ANAC, precisazioni sul Regolamento per l'esercizio dell'attività consultiva

Nuovi chiarimenti dall'Autorità Nazionale Anticorruzione (ANAC) sulla funzione consuntiva in materia di appalti pubblici. Dopo la pubblicazione in Gazzetta ...

25/02/2015
Nuovi chiarimenti dall'Autorità Nazionale Anticorruzione (ANAC) sulla funzione consuntiva in materia di appalti pubblici.

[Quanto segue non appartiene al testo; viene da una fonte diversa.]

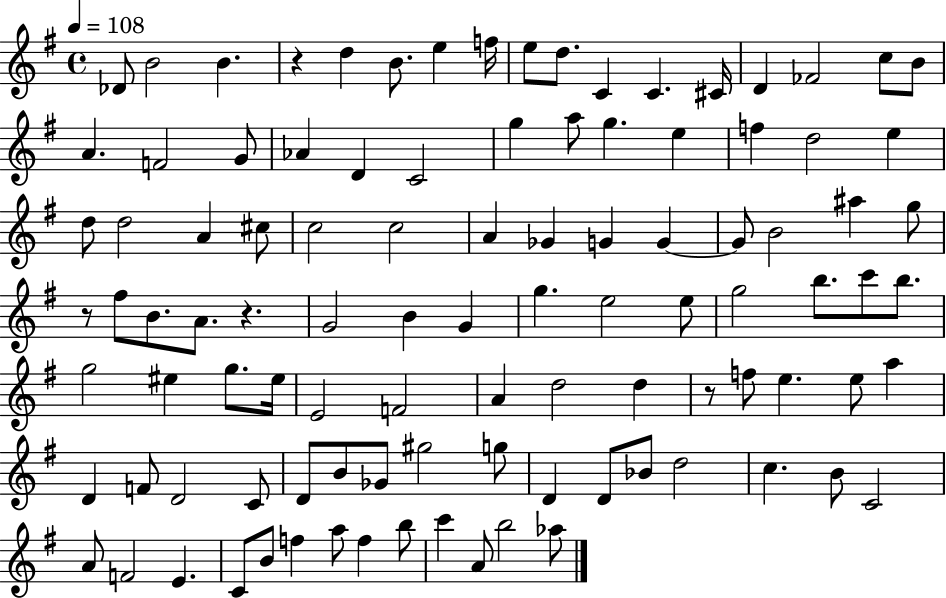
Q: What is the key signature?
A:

Dopo la pubblicazione in Gazzetta del Provvedimento 14 gennaio 2015, con il quale ha disciplinato l'esercizio dell'attività consultiva in materia degli appalti pubblici al di fuori delle ipotesi di cui all'art. 6, comma 7, lettera n) del decreto legislativo 12 aprile 2006, n. 163 nonché l'attività consultiva volta alla soluzione di questioni interpretative e applicative poste dalla legge 6 novembre 2012, n. 190 e dai relativi decreti attuativi, l'ANAC ha informato che saranno ritenuti ammissibili esclusivamente i quesiti formulati dall'organo di vertice delle stazioni appaltanti o dei soggetti aggiudicatori, ovvero dai legali rappresentanti dei soggetti privati deputati ad esprimere all'esterno la volontà degli stessi come, a titolo esemplificativo:
  • Ministeri: Ministro, Segretario Generale, Direttore Generale;
  • Enti Territoriali: Presidente della Giunta Regionale o Provinciale e Assessori, Sindaco e Assessori, Segretario Provinciale, Segretario Comunale, Segretario Generale, Direttore Generale;
  • Università e altri istituti: Rettore, Preside, Direttore Amministrativo;
  • Altre Autorità indipendenti e Agenzie: Presidente e Segretario Generale;
  • Aziende Sanitarie: Direttore Generale, Direttore amministrativo;
  • Soggetti Privati: Presidente e Amministratore Delegato.

Sono, altresì, legittimati a formulare istanza di parere il Responsabile per la prevenzione della corruzione ed il Responsabile per la Trasparenza. L'ANAC si è riservata in ogni caso la possibilità di valutare la rilevanza dei quesiti, ai sensi dell'art. 4 del Regolamento. I quesiti non trattati verranno comunque esaminati al fine dell'eventuale emanazione di atti di carattere generale.

Appare utile ricordare che con la pubblicazione del D.L. n. 90/2014 (convertito con modificazioni dalla legge n. 114/2014), l'ANAC ha assunto i compiti e le funzioni dell'Autorità per la vigilanza sui contratti pubblici di lavori, servizi e forniture.

Con il nuovo regolamento, l'ANAC ha disciplinato l'esercizio dell'attività consultiva nella materia degli appalti pubblici al di fuori delle ipotesi di cui all'art. 6, comma 7, lettera n) del decreto legislativo 12 aprile 2006, n. 163 nonché l'attività consultiva volta alla soluzione di questioni interpretative e applicative poste dalla legge 6 novembre 2012, n. 190 e dai relativi decreti attuativi.
Non rientrano nell'ambito di applicazione del nuovo regolamento i pareri espressamente previsti da specifiche disposizioni di legge e gli atti di carattere generale ("determinazioni") su questioni interpretative e applicative ritenute di rilevante interesse per l'Autorità a prescindere dalla formulazione di quesiti da parte di terzi e che comunque non riguardano fattispecie specifiche.

In riferimento alla valutazione della rilevanza delle istanze pervenute, l'ANAC utilizzerà i seguenti criteri:
  • carattere di novità della tematica oggetto della richiesta;
  • portata generale della questione giuridica sollevata e utilità nell'orientare altri soggetti destinatari della normativa;
  • particolare complessità della disposizione normativa in relazione alla quale è richiesto il parere;
  • rilevanza della questione, quale presupposto per l'esercizio dell'attività di vigilanza;
  • importanza della richiesta sotto il profilo dell'impatto socio-economico;
  • significatività dei profili individuati in relazione agli obiettivi generali di trasparenza e prevenzione della corruzione perseguiti dall'Autorità.